EXTRACTED INFORMATION below:

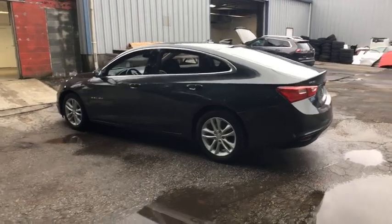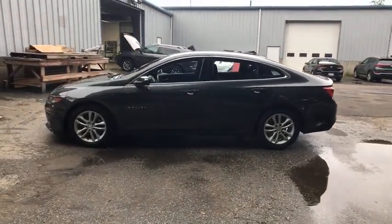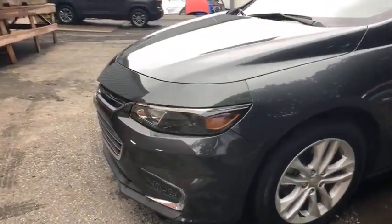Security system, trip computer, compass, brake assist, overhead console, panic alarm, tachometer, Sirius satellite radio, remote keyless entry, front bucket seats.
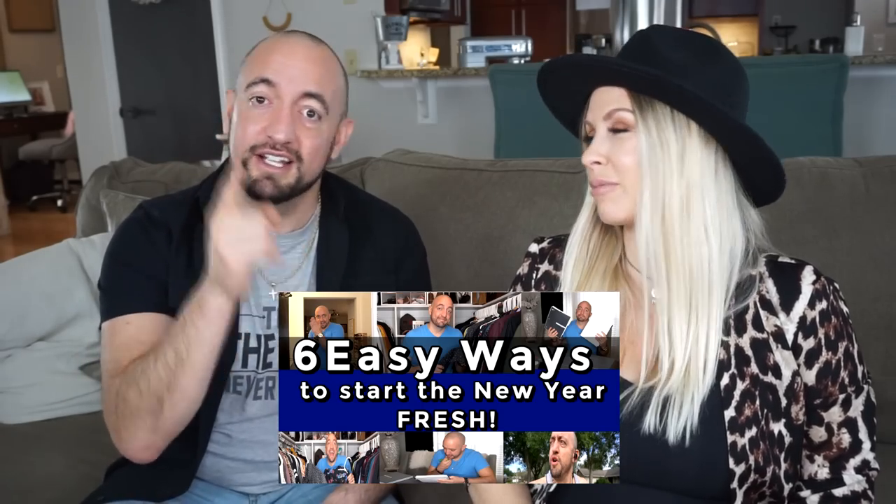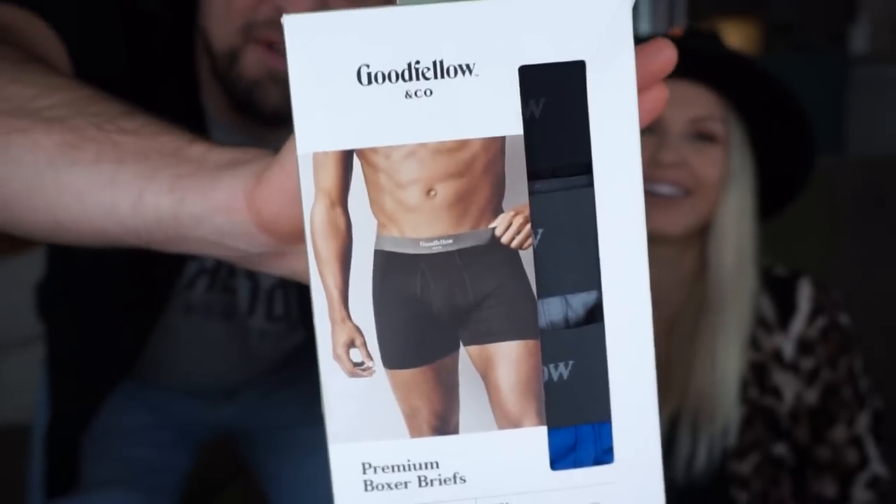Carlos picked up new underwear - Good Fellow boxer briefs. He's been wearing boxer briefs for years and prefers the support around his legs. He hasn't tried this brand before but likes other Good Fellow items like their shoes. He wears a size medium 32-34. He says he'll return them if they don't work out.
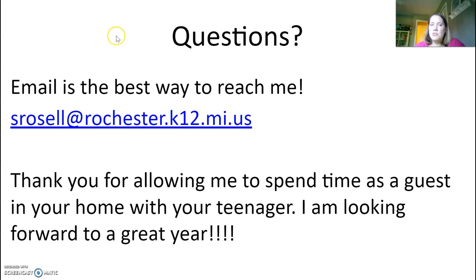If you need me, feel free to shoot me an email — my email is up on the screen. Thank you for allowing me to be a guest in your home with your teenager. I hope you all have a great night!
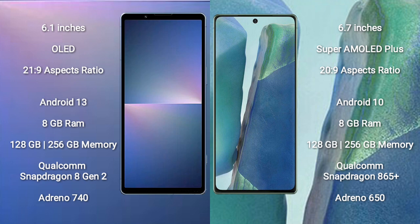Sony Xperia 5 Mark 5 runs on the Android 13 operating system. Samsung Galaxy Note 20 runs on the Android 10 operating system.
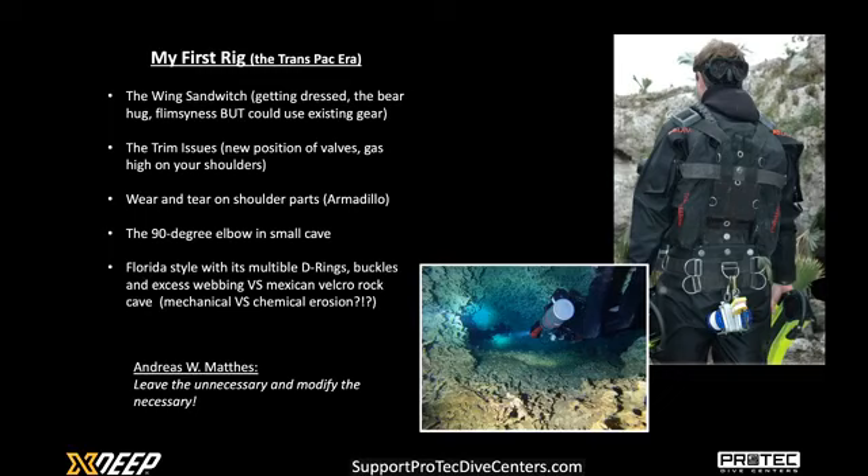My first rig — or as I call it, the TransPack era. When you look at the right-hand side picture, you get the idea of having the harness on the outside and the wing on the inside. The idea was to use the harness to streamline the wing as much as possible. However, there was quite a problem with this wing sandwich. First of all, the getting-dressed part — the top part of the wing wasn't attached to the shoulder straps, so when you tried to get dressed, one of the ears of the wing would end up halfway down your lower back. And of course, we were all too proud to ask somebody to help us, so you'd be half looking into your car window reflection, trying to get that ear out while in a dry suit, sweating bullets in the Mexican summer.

End of EXTRACTED INFORMATION.

* _AIM OF THE EXERCISE_
Please copy every entry exactly, without the pictures.

* _WRITTEN RESPONSE_
Security system, trip computer, compass, brake assist, overhead console, panic alarm, tachometer, Sirius satellite radio, remote keyless entry, front bucket seats.
Carlos picked up new underwear - Good Fellow boxer briefs. He's been wearing boxer briefs for years and prefers the support around his legs. He hasn't tried this brand before but likes other Good Fellow items like their shoes. He wears a size medium 32-34. He says he'll return them if they don't work out.
If you need me, feel free to shoot me an email — my email is up on the screen. Thank you for allowing me to be a guest in your home with your teenager. I hope you all have a great night!
Sony Xperia 5 Mark 5 runs on the Android 13 operating system. Samsung Galaxy Note 20 runs on the Android 10 operating system.
My first rig — or as I call it, the TransPack era. When you look at the right-hand side picture, you get the idea of having the harness on the outside and the wing on the inside. The idea was to use the harness to streamline the wing as much as possible. However, there was quite a problem with this wing sandwich. First of all, the getting-dressed part — the top part of the wing wasn't attached to the shoulder straps, so when you tried to get dressed, one of the ears of the wing would end up halfway down your lower back. And of course, we were all too proud to ask somebody to help us, so you'd be half looking into your car window reflection, trying to get that ear out while in a dry suit, sweating bullets in the Mexican summer.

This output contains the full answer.